# DATA EXCERPTS
┌──
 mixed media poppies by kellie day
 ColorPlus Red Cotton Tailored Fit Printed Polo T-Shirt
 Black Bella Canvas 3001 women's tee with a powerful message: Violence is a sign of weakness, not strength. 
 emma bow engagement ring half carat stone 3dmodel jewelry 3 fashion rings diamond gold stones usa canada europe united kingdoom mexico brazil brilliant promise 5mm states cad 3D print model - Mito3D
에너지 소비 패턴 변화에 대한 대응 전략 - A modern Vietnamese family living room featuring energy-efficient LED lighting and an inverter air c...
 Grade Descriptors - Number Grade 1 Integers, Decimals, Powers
└──
┌──
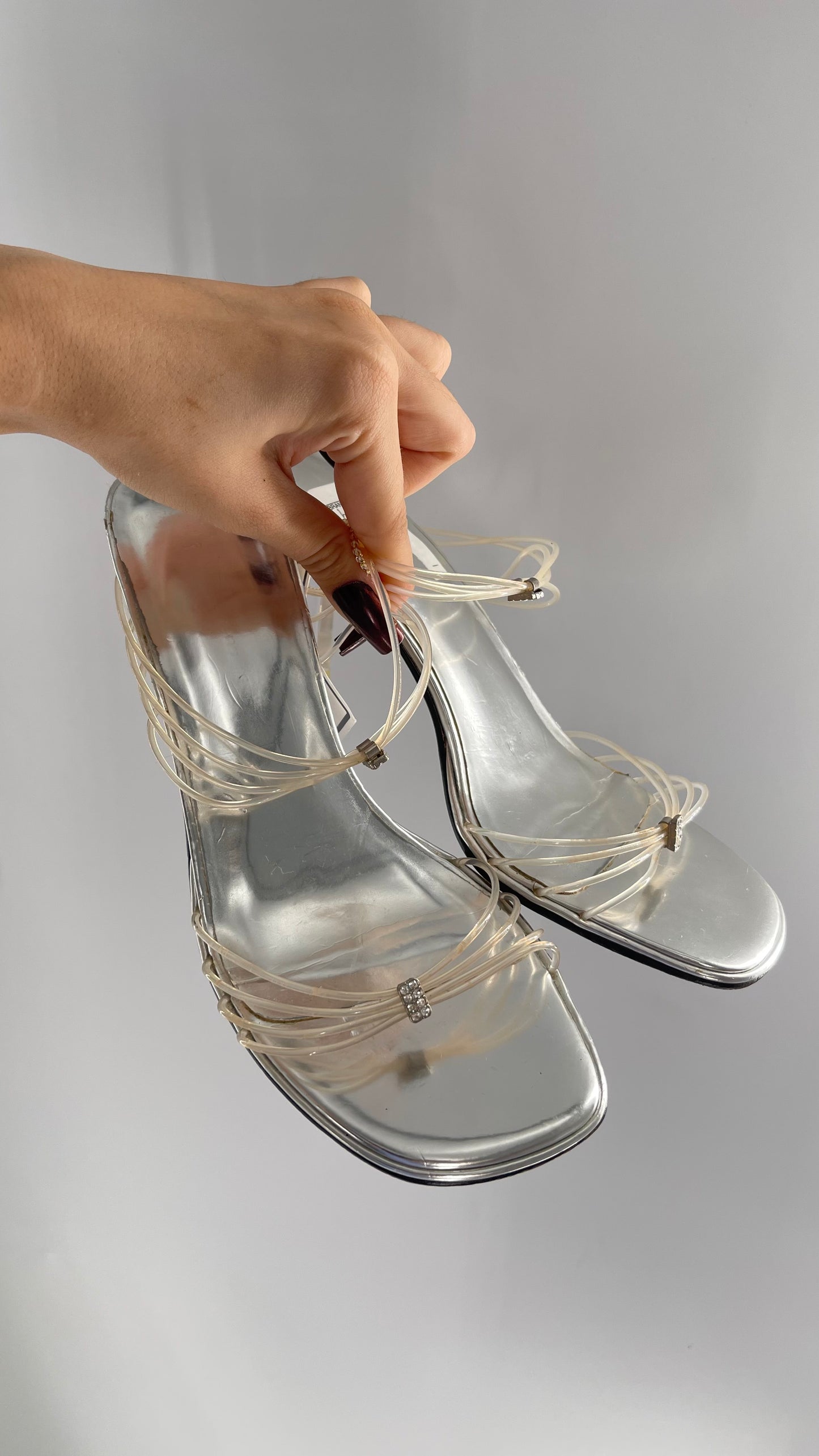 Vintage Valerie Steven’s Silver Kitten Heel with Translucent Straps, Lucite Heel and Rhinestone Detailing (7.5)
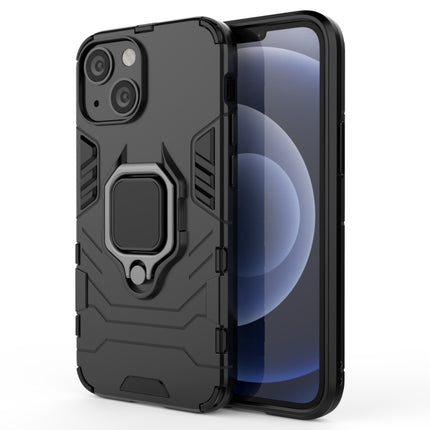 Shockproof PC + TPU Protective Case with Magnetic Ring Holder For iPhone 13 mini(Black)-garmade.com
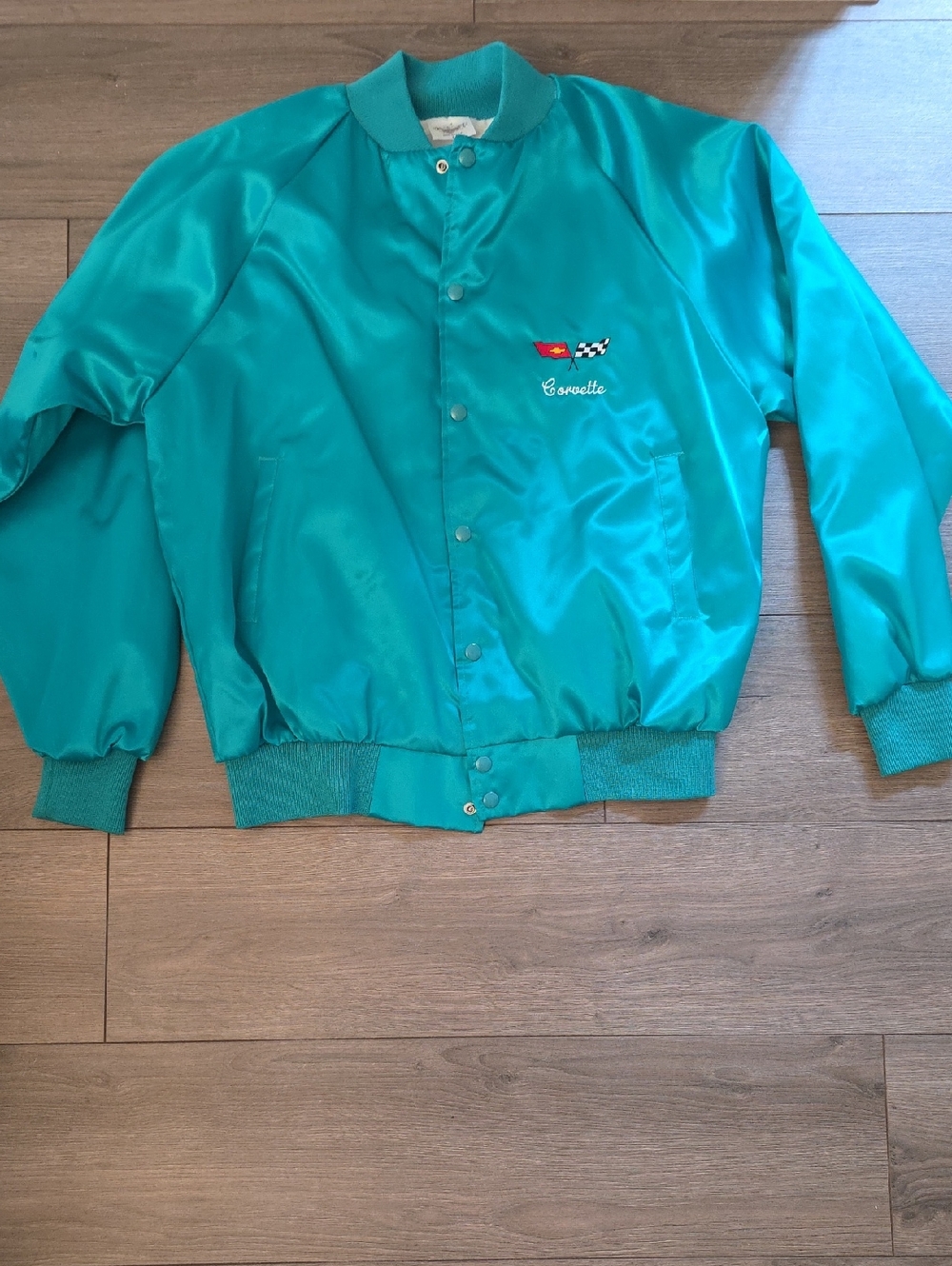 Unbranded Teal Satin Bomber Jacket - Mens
└──
# TASK REQUIREMENTS
Each line in the entries above, starting at the line with "ColorPlus Red Cotton" and ending at the line with "emma bow engagement", is to be printed exactly, and only those lines.

# TASK OUTPUT
 ColorPlus Red Cotton Tailored Fit Printed Polo T-Shirt
 Black Bella Canvas 3001 women's tee with a powerful message: Violence is a sign of weakness, not strength. 
 emma bow engagement ring half carat stone 3dmodel jewelry 3 fashion rings diamond gold stones usa canada europe united kingdoom mexico brazil brilliant promise 5mm states cad 3D print model - Mito3D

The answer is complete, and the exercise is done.